* _Instructions to follow_:
Everything from the line that contains "探索新时代绿色奇迹,最新园的繁荣与发展纪实" through the last line of the listing must be copied exactly, with both of those lines included and no others.

* _Data for this exercise_:
--- --- ---

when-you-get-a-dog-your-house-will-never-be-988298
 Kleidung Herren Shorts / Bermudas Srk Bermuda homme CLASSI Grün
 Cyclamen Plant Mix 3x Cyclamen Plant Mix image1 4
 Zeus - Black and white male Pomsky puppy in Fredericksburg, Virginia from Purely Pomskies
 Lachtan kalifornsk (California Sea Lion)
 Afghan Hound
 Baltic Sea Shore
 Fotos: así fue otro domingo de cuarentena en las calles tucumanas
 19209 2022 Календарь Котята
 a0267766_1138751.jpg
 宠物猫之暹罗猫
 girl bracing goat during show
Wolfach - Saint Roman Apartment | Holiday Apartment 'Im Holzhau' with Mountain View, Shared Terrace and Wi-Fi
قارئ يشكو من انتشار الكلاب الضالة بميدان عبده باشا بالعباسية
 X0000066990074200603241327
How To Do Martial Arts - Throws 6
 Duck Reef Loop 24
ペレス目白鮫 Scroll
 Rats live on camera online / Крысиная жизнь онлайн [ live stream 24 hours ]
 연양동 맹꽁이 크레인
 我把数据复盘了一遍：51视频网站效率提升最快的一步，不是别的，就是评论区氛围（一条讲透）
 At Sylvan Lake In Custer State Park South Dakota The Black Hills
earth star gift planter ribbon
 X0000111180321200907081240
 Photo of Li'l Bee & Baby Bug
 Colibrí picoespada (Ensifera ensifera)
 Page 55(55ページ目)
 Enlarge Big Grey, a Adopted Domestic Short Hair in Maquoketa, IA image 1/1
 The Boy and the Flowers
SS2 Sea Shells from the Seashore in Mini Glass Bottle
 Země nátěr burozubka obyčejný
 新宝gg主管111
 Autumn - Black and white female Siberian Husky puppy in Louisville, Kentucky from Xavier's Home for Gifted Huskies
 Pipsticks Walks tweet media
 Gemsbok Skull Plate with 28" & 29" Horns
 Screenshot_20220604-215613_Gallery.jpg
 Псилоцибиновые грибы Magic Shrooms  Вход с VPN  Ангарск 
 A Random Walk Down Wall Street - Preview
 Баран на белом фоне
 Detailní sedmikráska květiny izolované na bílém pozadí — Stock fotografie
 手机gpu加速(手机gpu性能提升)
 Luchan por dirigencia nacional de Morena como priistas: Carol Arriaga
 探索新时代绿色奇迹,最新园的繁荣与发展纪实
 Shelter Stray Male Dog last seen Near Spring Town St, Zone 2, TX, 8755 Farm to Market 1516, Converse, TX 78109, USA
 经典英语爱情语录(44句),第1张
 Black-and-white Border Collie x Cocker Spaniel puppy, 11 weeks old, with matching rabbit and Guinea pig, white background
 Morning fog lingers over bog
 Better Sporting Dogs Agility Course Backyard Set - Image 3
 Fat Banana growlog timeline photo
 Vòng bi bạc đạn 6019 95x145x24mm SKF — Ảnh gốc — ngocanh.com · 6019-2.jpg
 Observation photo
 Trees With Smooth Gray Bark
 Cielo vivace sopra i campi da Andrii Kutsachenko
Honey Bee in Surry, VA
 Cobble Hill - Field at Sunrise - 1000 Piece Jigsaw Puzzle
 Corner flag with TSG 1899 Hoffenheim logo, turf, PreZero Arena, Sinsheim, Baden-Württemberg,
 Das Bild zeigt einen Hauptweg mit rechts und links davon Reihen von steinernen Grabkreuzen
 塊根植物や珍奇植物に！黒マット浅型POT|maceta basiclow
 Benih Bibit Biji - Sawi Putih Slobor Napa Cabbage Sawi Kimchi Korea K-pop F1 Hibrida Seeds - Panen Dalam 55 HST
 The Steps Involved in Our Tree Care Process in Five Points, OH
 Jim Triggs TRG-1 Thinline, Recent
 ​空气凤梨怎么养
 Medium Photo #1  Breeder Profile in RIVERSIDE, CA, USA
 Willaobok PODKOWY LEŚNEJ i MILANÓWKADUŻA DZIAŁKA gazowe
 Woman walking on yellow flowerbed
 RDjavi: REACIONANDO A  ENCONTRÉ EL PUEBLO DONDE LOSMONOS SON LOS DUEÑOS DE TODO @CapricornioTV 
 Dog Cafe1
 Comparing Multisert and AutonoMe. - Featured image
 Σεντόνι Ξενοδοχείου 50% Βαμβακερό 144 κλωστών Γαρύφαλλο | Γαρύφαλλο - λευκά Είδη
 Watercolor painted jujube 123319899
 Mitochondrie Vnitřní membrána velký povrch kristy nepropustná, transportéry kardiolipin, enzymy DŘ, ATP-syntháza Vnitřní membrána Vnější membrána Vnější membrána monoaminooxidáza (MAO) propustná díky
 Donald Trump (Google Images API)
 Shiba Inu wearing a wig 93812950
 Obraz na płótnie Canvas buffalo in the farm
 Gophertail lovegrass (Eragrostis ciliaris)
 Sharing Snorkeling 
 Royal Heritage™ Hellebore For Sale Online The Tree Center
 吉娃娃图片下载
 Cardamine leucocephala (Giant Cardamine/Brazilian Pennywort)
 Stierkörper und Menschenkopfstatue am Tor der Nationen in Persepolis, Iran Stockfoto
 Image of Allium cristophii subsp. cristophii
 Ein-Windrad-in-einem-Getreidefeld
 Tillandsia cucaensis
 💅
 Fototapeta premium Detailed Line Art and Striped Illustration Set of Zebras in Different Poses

--- --- ---

* _Solution to the exercise_:
 探索新时代绿色奇迹,最新园的繁荣与发展纪实
 Shelter Stray Male Dog last seen Near Spring Town St, Zone 2, TX, 8755 Farm to Market 1516, Converse, TX 78109, USA
 经典英语爱情语录(44句),第1张
 Black-and-white Border Collie x Cocker Spaniel puppy, 11 weeks old, with matching rabbit and Guinea pig, white background
 Morning fog lingers over bog
 Better Sporting Dogs Agility Course Backyard Set - Image 3
 Fat Banana growlog timeline photo
 Vòng bi bạc đạn 6019 95x145x24mm SKF — Ảnh gốc — ngocanh.com · 6019-2.jpg
 Observation photo
 Trees With Smooth Gray Bark
 Cielo vivace sopra i campi da Andrii Kutsachenko
Honey Bee in Surry, VA
 Cobble Hill - Field at Sunrise - 1000 Piece Jigsaw Puzzle
 Corner flag with TSG 1899 Hoffenheim logo, turf, PreZero Arena, Sinsheim, Baden-Württemberg,
 Das Bild zeigt einen Hauptweg mit rechts und links davon Reihen von steinernen Grabkreuzen
 塊根植物や珍奇植物に！黒マット浅型POT|maceta basiclow
 Benih Bibit Biji - Sawi Putih Slobor Napa Cabbage Sawi Kimchi Korea K-pop F1 Hibrida Seeds - Panen Dalam 55 HST
 The Steps Involved in Our Tree Care Process in Five Points, OH
 Jim Triggs TRG-1 Thinline, Recent
 ​空气凤梨怎么养
 Medium Photo #1  Breeder Profile in RIVERSIDE, CA, USA
 Willaobok PODKOWY LEŚNEJ i MILANÓWKADUŻA DZIAŁKA gazowe
 Woman walking on yellow flowerbed
 RDjavi: REACIONANDO A  ENCONTRÉ EL PUEBLO DONDE LOSMONOS SON LOS DUEÑOS DE TODO @CapricornioTV 
 Dog Cafe1
 Comparing Multisert and AutonoMe. - Featured image
 Σεντόνι Ξενοδοχείου 50% Βαμβακερό 144 κλωστών Γαρύφαλλο | Γαρύφαλλο - λευκά Είδη
 Watercolor painted jujube 123319899
 Mitochondrie Vnitřní membrána velký povrch kristy nepropustná, transportéry kardiolipin, enzymy DŘ, ATP-syntháza Vnitřní membrána Vnější membrána Vnější membrána monoaminooxidáza (MAO) propustná díky
 Donald Trump (Google Images API)
 Shiba Inu wearing a wig 93812950
 Obraz na płótnie Canvas buffalo in the farm
 Gophertail lovegrass (Eragrostis ciliaris)
 Sharing Snorkeling 
 Royal Heritage™ Hellebore For Sale Online The Tree Center
 吉娃娃图片下载
 Cardamine leucocephala (Giant Cardamine/Brazilian Pennywort)
 Stierkörper und Menschenkopfstatue am Tor der Nationen in Persepolis, Iran Stockfoto
 Image of Allium cristophii subsp. cristophii
 Ein-Windrad-in-einem-Getreidefeld
 Tillandsia cucaensis
 💅
 Fototapeta premium Detailed Line Art and Striped Illustration Set of Zebras in Different Poses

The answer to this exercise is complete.